In the material beneath, how many lines contain the word "𝗟𝗜𝗩𝗘"? Give the count alone.

• _Data listing_
------------------------------
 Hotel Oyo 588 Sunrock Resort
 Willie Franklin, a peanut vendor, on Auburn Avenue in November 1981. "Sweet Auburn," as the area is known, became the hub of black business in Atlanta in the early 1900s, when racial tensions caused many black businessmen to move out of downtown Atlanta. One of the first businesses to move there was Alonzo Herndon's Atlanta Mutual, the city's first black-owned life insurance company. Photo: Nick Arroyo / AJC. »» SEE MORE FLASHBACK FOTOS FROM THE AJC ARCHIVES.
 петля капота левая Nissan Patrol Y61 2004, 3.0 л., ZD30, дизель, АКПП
------------------------------
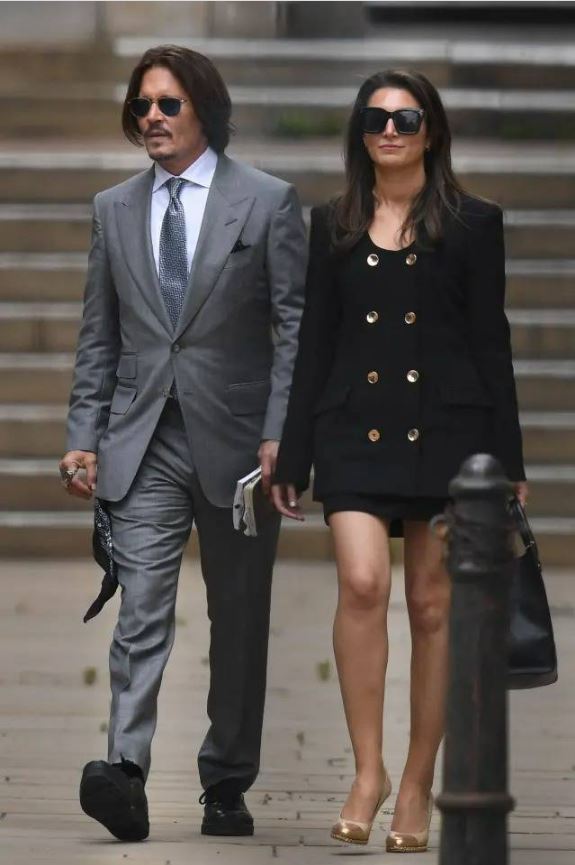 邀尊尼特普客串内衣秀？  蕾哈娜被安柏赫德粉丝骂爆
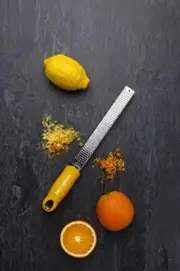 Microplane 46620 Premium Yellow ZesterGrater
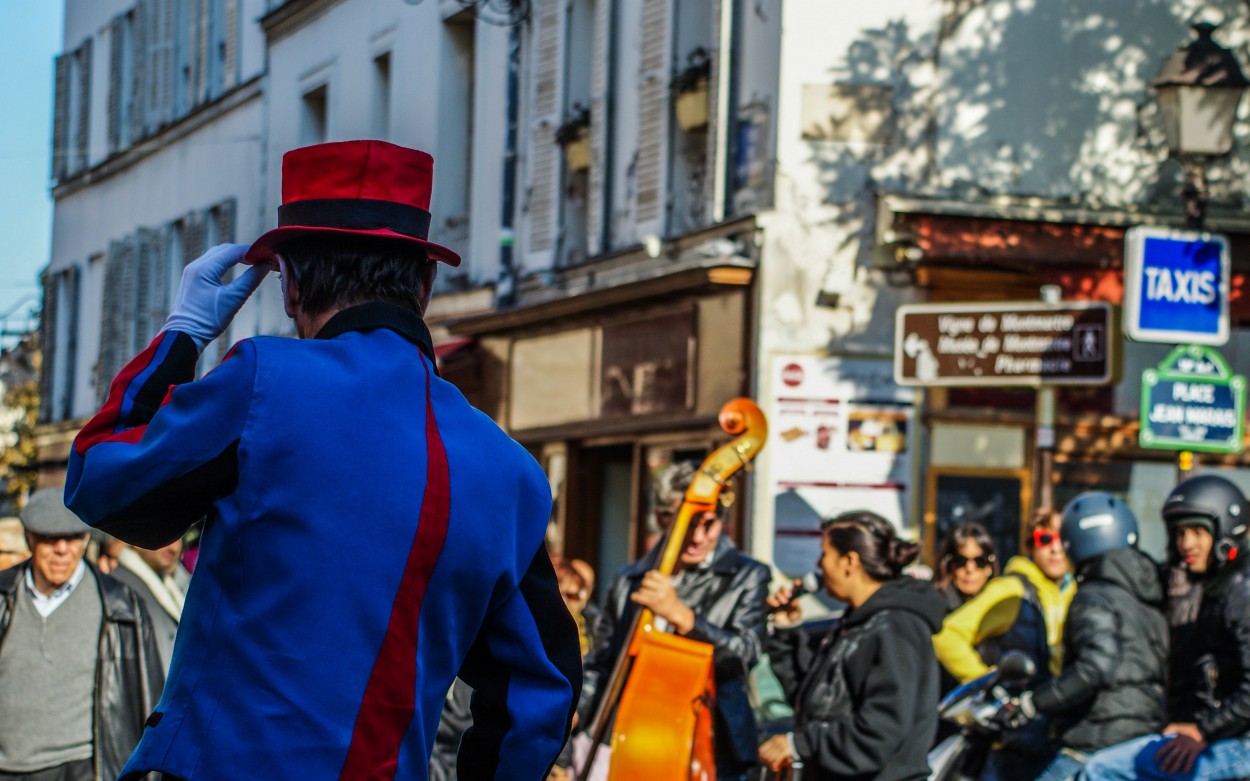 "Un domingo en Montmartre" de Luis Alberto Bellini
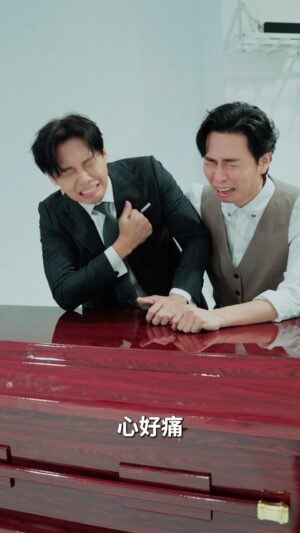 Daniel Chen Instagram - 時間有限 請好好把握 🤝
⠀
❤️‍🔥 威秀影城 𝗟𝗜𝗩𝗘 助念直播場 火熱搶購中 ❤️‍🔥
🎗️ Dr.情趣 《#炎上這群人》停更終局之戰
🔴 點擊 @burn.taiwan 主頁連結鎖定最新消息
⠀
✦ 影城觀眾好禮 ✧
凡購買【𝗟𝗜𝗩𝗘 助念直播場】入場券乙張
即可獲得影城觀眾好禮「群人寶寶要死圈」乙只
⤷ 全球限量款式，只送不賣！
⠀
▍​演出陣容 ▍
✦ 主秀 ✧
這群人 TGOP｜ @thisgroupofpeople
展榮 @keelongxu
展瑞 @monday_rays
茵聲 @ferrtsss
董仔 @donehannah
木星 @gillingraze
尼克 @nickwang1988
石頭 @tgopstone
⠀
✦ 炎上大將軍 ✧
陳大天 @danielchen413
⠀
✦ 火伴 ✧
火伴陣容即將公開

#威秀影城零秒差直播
------------------------------
• _Solved exercise_
2